Diese Akzeptanz macht es einfacher, Fehler auch nach außen eingestehen zu können. Und spätestens, wenn Fehler Auswirkungen auf andere haben, ist das ratsam. Behält man sie dann für sich oder streitet sie ab, so wird sich in den meisten Fällen das schlechte Gewissen melden, zusammen mit der Angst, dass der Fehler aufgedeckt wird. Beides nimmt viel Raum im Denken und Fühlen ein. "Man muss enorm viel Kraft und seelische Energie aufwenden, die dann an anderen Stellen fehlt. Dieses System ist wahnsinnig unökonomisch", fasst Michael Kletter zusammen.

Versucht man permanent, Fehler zu kaschieren, kann sich das auch körperlich bemerkbar machen. Verdrängungsmechanismen können auf lange Sicht zu Symptomen verschiedenster Art führen, von Muskelverspannungen über Migräne bis hin zu Angstzuständen. Emotionale Stresssituationen finden immer im ganzen Menschen statt, Körper und Seele könne man da nicht trennen, so Kletter.

"Die Betroffenen schnell zu informieren ist die Variante mit den auf Dauer geringeren Kosten", sagt auch die Würzburger Psychologin und Kommunikationsexpertin Lisa Schubert. Wichtig zu bedenken sei zudem, dass man sich mit nicht kommunizierten Fehlern erpressbar machen kann und die Chance vergibt, den Fehler souverän zu klären, sollten die Betroffenen über Umwege oder im Nachhinein davon erfahren.

Perspektive wechseln

Tut man sich dennoch schwer, einen Fehler anzusprechen, kann es helfen, die Perspektive zu wechseln und sich zu überlegen, was man sich von anderen Menschen wünschen würde, die denselben Fehler gemacht hätten. Gleichzeitig kann man sich fragen, was man über jemand anderen denken würde, hätte die Person denselben Fehler gemacht. Würde man sie wirklich sofort als komplett unfähig einstufen? In der Regel seien wir mit uns selbst viel strenger als mit anderen, so Schubert.

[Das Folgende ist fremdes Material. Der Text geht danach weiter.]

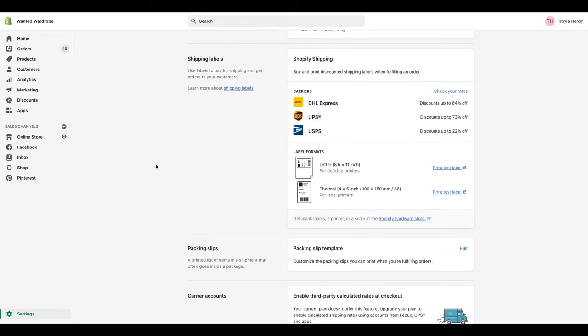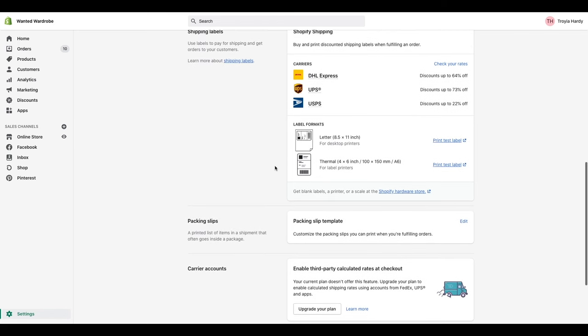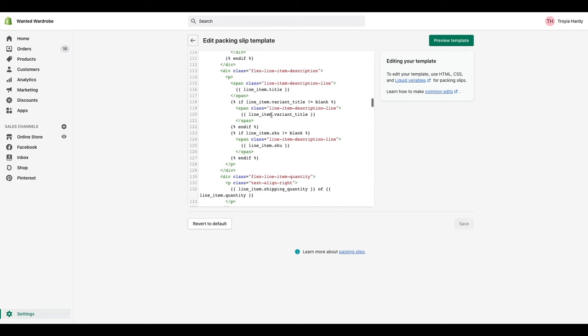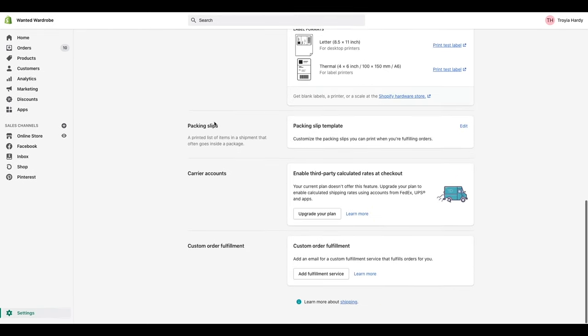Down here you have your shipping labels — Shopify does allow you to get discounted shipping labels, which is a really great feature. There are discounts for DHL, UPS, and USPS, so definitely check out and take advantage of these different rates. Below that, you have instructions for setting up your shipping label printers. They allow you to print labels on letter size for desktop printers, and they also allow you to hook up thermal printers. I personally use the Dymo shipping label printer. They also allow you to customize your packing slips, though you do need some experience with coding to do that.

Der Blick von außen ist generell hilfreich, um den Umgang mit Fehlern zu bewerten. Hat man bei einer Person gemerkt, dass sie Fehler vertuscht, wie sehr kann man ihren Aussagen dann noch vertrauen? Wie souverän wirkt jemand, der Ausflüchte sucht und andere beschuldigt? Wer Fehler zugeben kann, wirke nicht nur menschlich, sondern schaffe auch eine Basis für ein vertrauensvolles Miteinander: "Wenn man selbst Fehler eingesteht und sich verlässlich zeigt, dann hat das Gegenüber auch viel mehr Vertrauen und ist im Gegenzug eher bereit, Fehler ebenfalls zuzugeben", sagt Schubert. Gerade im Arbeitsumfeld sei das wichtig. "Ich bin unbedingt für eine Kultur, in der es gut möglich ist, Fehler offen anzusprechen und sehe das als eine der Hauptaufgaben von Führungskräften", erklärt Schubert.

Aus Fehlern lernen

Gibt es eine solche Kultur nicht, so ändern sich die Voraussetzungen für den Umgang mit Fehlern. Komme man beispielsweise in ein Team, in dem Fehler nicht toleriert würden, die absolute Perfektion quasi von oben verordnet werde, so sei es nicht mehr die persönliche Sozialisation, die Menschen davon abhalte, ihre Fehler zu kommunizieren, sondern reale Rahmenbedingungen, die man nicht selbst gestalten könne. Dann müsse man sich überlegen, ob man das mitmachen kann und möchte, sagt Michael Kletter. Die meisten Menschen würden das nicht lange aushalten, Unzufriedenheit und eine hohe Fluktuation seien die Folgen. Die Angst vor Fehlern könne zudem unproduktiv machen, warnt Marlene Vorrath, Business Coach aus Fürth: "Wenn ich aus Angst gar nichts mehr unternehme oder nur noch den einfachen bequemen Weg wähle, sind die Schäden gegebenenfalls größer."

Problematisch ist vor allem, dass dann der positive Effekt von Fehlern unter den Tisch fällt. Nur wenn Fehler bekannt sind, kann man Wege erarbeiten, um sie in Zukunft zu vermeiden. Analysiert man, was genau schief gelaufen ist, dann kann man aus seinen Fehlern lernen. Das gilt im Team, aber auch für jede*n persönlich. "Wir dürfen nicht vergessen, dass Persönlichkeitsentwicklung auch Ergebnis einer echt guten Arbeit mit uns selbst und unseren Erfahrungen ist", so Silke Datzer. Wenn wir uns mit Fehlern auseinandersetzen und sie annehmen, können wir das Beste aus ihnen machen.